While a “mild” slowdown in the global economy does have an impact on China, the 7.7 percent growth rate in GDP is “overall normal” compared with the government’s target of 7.5 percent for this year, Zhou told reporters outside a meeting of the IMF in Washington on Saturday.
“China’s undergoing economic restructuring, which sometimes is not in lockstep with growth,” he said. “We need to sacrifice short-term growth for the purposes of reforms and structural adjustments.”
The nation’s expansion in the first quarter missed the 8 percent median of economists’ forecasts compiled by Bloomberg and slowed from a rate of 7.9 percent in the previous three months, when Asia’s biggest economy emerged from a seven-quarter slowdown.
Chinese Premier Li Keqiang (李克強) said earlier this month more efforts should be made to improve the quality and benefits of economic development, focusing on restructuring and upgrading, as the government seeks to shift away from an export-reliant growth model.
The economy had a stable start in the first quarter and growth was within a reasonable range, Zhou said at the IMF meeting, according to a statement posted on the PBOC’s Web site yesterday.
Goldman Sachs Group Inc, Royal Bank of Scotland PLC, JPMorgan Chase & Co and Australia & New Zealand Banking Group Ltd last week cut their estimates for China’s expansion this year to 7.8 percent after the worse-than-forecast performance in the first quarter. That would be the same as last year’s pace, which was the weakest in 13 years.
The Shanghai Composite Index of domestic Chinese shares sank 1.1 percent on Monday last week to the lowest level this year after the GDP data. The gauge rebounded later for its first weekly gain in a month.
The pace of economic growth in the first quarter marked the first time in data going back two decades that four periods in a row have seen expansion of less than 8 percent.

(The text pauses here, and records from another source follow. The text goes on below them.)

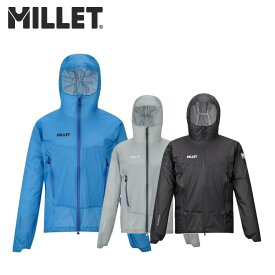 ミレー MILLET メンズ レディース (ユニセックス) ティフォン ファントム トレック ジャケット MIV03171 防水 軽量 パーカー フーディー フード付き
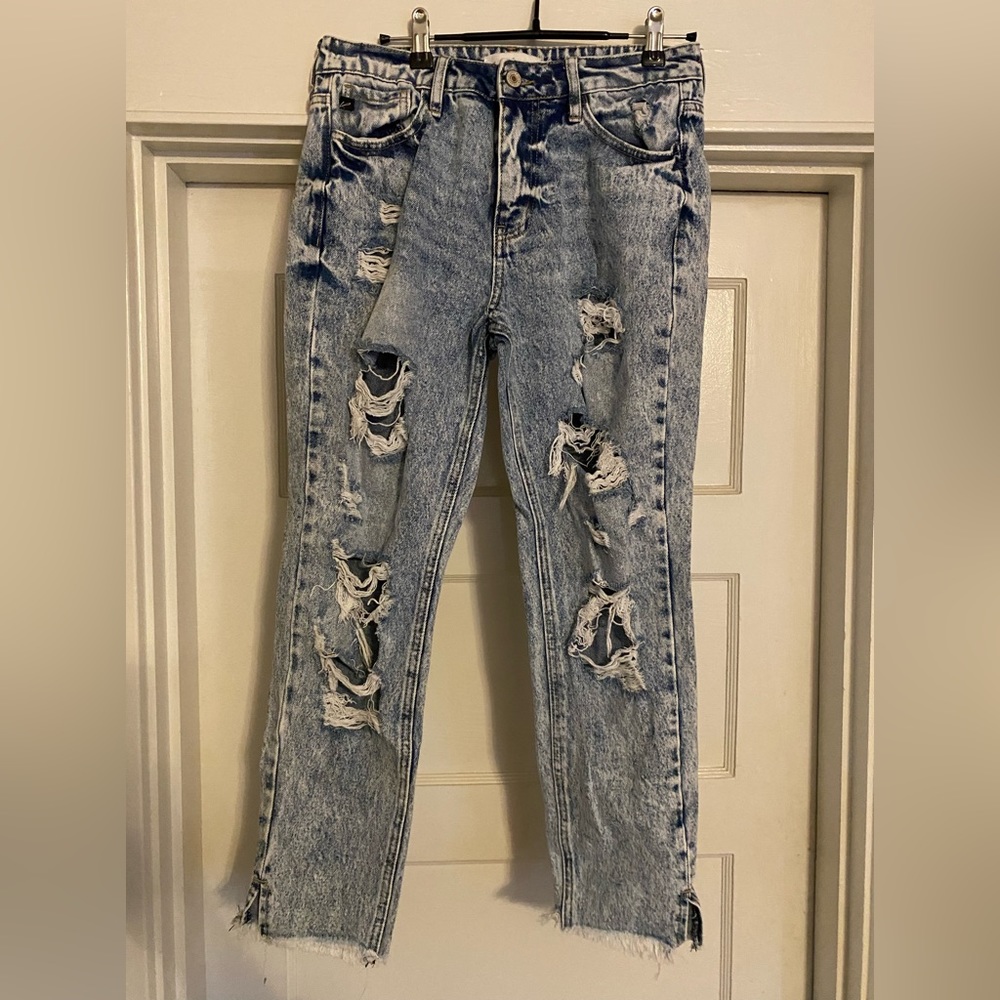 American Eagle high waisted skinny skinny jeans.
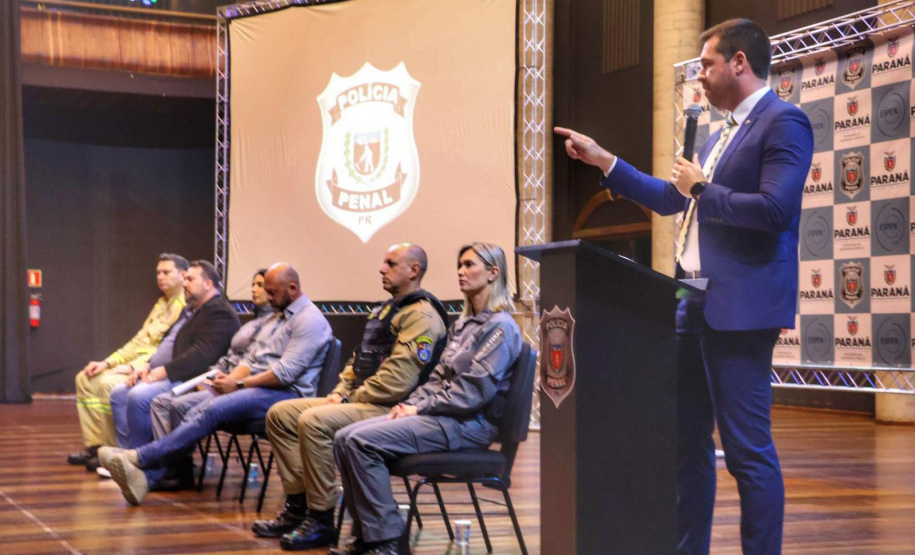 POLICIA PENAL CURSO FORMAÇÃO PROFISSIONAL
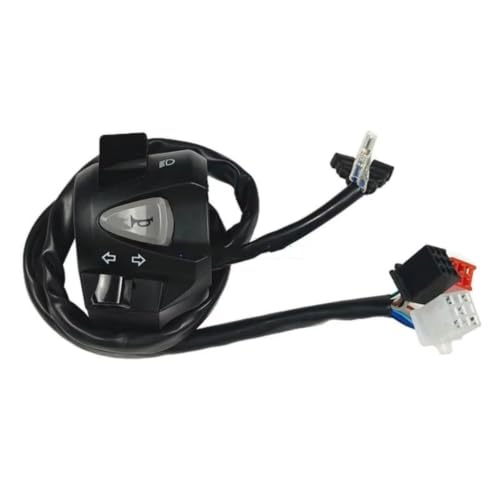 Commande clignotant moto universelle et interrupteur guidon - 6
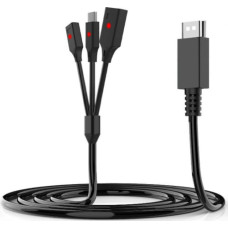 JYS Kabel Ładowarka Usb-c + 2x Joy-con Nintendo Switch / Jys-ns190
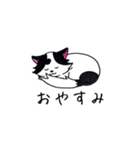 豆大福犬スタンプ（個別スタンプ：7）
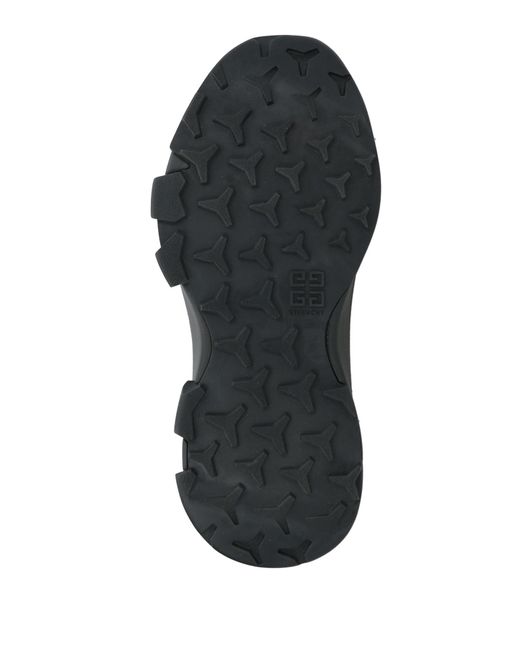 Givenchy Black Monumental Mallow Rubber Sneaker for men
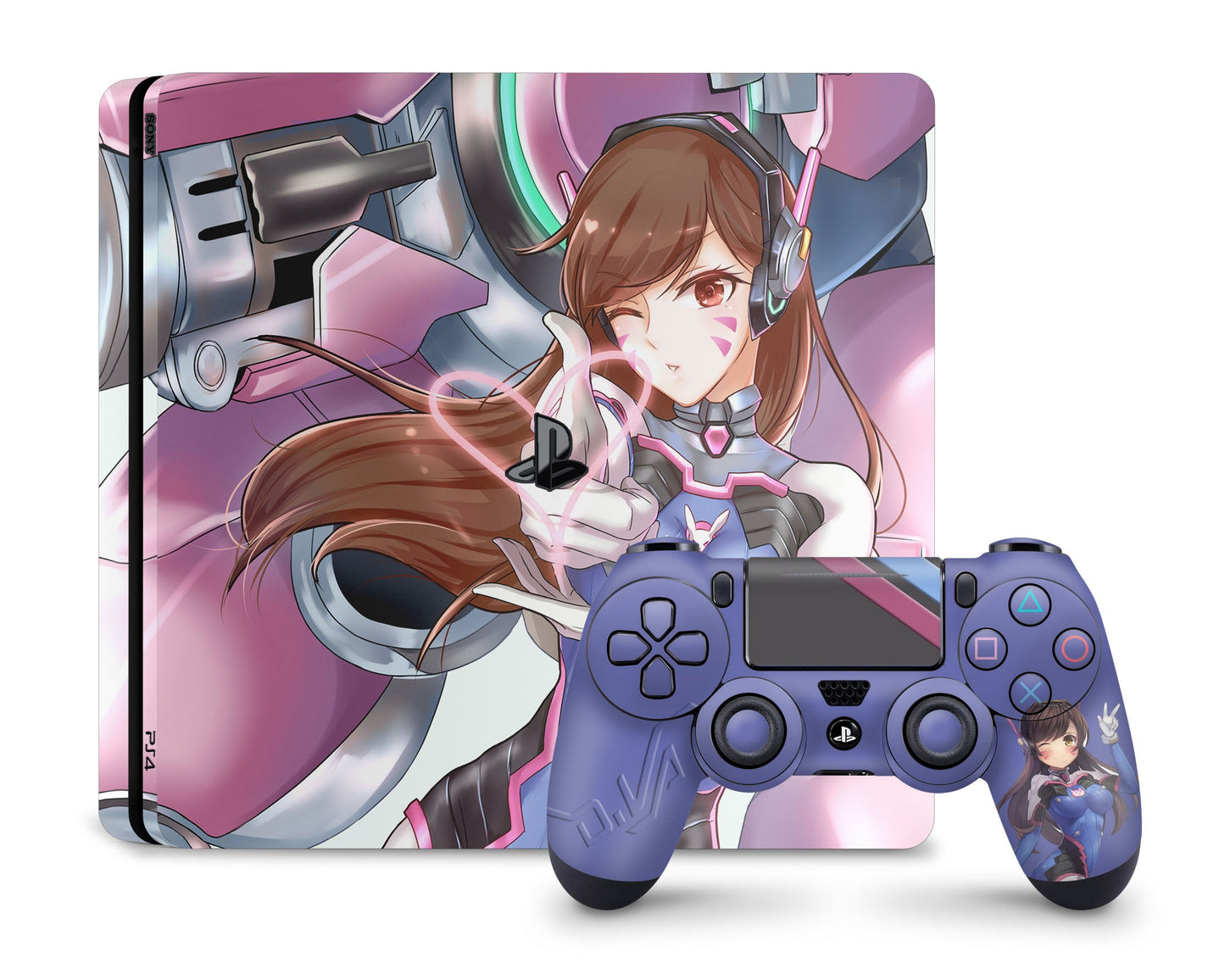 Anime Town Creations PS4 Overwatch D.VA PS4 Skins - Anime Overwatch PS4 Skin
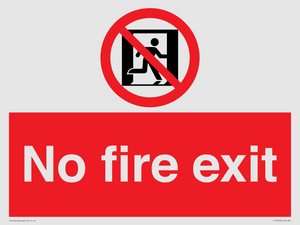 FP10953: No Fire Exit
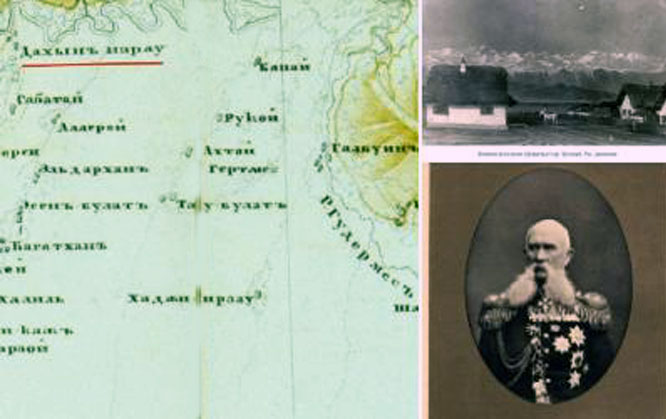 ЧЕЧНЯ. 1854 год. Джалка в летописи экспедиции в Большую Чечню
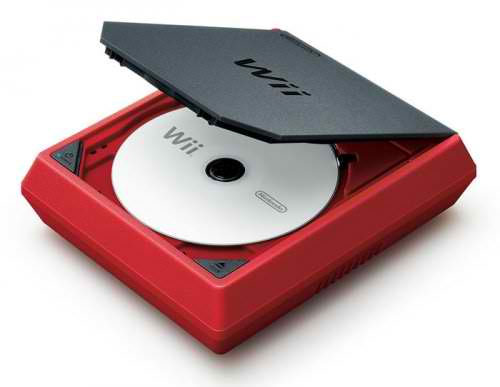 Nintendo Wii Console Mini Red - detalj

China’s long-term growth rate may be limited by declines in the working-age population, income gains that are pushing up costs and public concern at the environmental toll from polluting factories.
Li pledged last year to open the economy to more market forces and strip power from the government as part of efforts to restructure the economy.
The statement cited views the Chinese delegation expressed to the meeting of central bank governors and finance ministers from the G20 nations in Washington last week. Zhou and Chinese Finance Minister Lou Jiwei (樓繼偉) both took part in the event.
“China’s structural adjustment has scored notable achievements,” according to the PBOC statement.
The contribution of service industries to economic growth in the first quarter exceeded that of manufacturing for the first time, it said.
In his statement to the IMF, which was posted on the lender’s Web site, Zhou reiterated that changes in China’s financial sector will involve “further interest-rate liberalization, capital account convertibility and exchange rate reform.”